Para que não se diga que todas as “inovações” são ruins, há itens que poderão auxiliar, como a previsão de gravação audiovisual das audiências (artigo 374, parágrafo 5º) — a exemplo do que ocorre atualmente nos processos penais — e uma regulamentação da fixação de honorários advocatícios (artigo 85), que, porém, poderiam ter sido inseridos no atual CPC sem criar todo um novo diploma legal para isso.

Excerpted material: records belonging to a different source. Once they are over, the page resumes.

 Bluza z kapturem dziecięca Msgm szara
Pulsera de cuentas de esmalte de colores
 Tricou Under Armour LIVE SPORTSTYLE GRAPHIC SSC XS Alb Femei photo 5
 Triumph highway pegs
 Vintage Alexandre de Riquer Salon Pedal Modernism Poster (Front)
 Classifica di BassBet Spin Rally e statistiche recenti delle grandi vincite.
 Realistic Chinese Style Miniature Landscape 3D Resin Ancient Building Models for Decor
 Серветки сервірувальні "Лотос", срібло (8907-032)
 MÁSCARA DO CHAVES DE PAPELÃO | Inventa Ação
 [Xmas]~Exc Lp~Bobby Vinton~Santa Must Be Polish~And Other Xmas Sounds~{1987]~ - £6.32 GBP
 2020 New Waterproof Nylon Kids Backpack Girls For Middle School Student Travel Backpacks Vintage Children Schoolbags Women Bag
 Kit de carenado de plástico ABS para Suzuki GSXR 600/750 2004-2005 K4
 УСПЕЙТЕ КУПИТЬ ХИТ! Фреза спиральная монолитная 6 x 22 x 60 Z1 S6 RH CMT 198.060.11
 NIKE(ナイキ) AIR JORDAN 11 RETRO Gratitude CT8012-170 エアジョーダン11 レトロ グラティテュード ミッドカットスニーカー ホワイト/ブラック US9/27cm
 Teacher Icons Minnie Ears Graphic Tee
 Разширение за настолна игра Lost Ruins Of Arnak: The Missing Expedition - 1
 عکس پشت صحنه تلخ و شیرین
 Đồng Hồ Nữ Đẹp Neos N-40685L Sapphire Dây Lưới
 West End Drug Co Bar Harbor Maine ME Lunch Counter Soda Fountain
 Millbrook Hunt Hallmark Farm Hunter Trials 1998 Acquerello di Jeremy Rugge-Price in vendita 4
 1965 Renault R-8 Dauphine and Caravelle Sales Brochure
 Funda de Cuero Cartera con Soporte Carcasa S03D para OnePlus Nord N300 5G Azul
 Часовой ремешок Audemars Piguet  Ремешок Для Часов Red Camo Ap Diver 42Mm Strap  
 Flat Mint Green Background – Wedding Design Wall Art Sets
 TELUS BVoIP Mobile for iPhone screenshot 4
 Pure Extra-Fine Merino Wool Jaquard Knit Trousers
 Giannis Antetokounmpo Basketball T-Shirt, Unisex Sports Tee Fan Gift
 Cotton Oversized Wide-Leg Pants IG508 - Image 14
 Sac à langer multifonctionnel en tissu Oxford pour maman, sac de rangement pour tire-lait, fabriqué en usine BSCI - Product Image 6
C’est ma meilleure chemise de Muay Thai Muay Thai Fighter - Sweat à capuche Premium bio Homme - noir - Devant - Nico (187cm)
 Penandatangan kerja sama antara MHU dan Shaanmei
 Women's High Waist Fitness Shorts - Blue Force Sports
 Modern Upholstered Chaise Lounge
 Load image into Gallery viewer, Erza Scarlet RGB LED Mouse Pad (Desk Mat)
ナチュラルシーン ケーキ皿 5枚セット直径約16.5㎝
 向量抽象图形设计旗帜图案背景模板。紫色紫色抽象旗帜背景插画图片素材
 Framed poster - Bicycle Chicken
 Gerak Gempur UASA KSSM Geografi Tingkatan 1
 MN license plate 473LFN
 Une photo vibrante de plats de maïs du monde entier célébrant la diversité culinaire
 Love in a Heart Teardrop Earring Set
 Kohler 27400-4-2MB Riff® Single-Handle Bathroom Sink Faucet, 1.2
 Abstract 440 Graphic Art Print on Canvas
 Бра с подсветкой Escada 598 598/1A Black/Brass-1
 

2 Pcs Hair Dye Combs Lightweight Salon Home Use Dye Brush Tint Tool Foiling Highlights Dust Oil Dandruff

Por fim, sobrevoando as reflexões apresentadas, é possível traçar algumas conclusões. A primeira é a de o projeto de novo Código de Processo Civil não trará mudanças estruturais simplificadoras do “modo de ser” do processo, optando por mudanças no geral cosméticas, de aparência. A segunda é a de que trará mudanças que, em vez de acelerar os processos, irão criar mais incidentes e demoras na resolução, em prejuízo ao cidadão que teve seu direito violado. O projeto será lançado com festa — mas nada alterará — e produzirá diversos livros novos e palestras ou cursos a serem feitos. Em conclusão, “muito barulho por nada”, parodiando famosa peça de Shakespeare; se aprovado, o novo CPC confirmará a máxima de que nada é tão ruim que não possa piorar.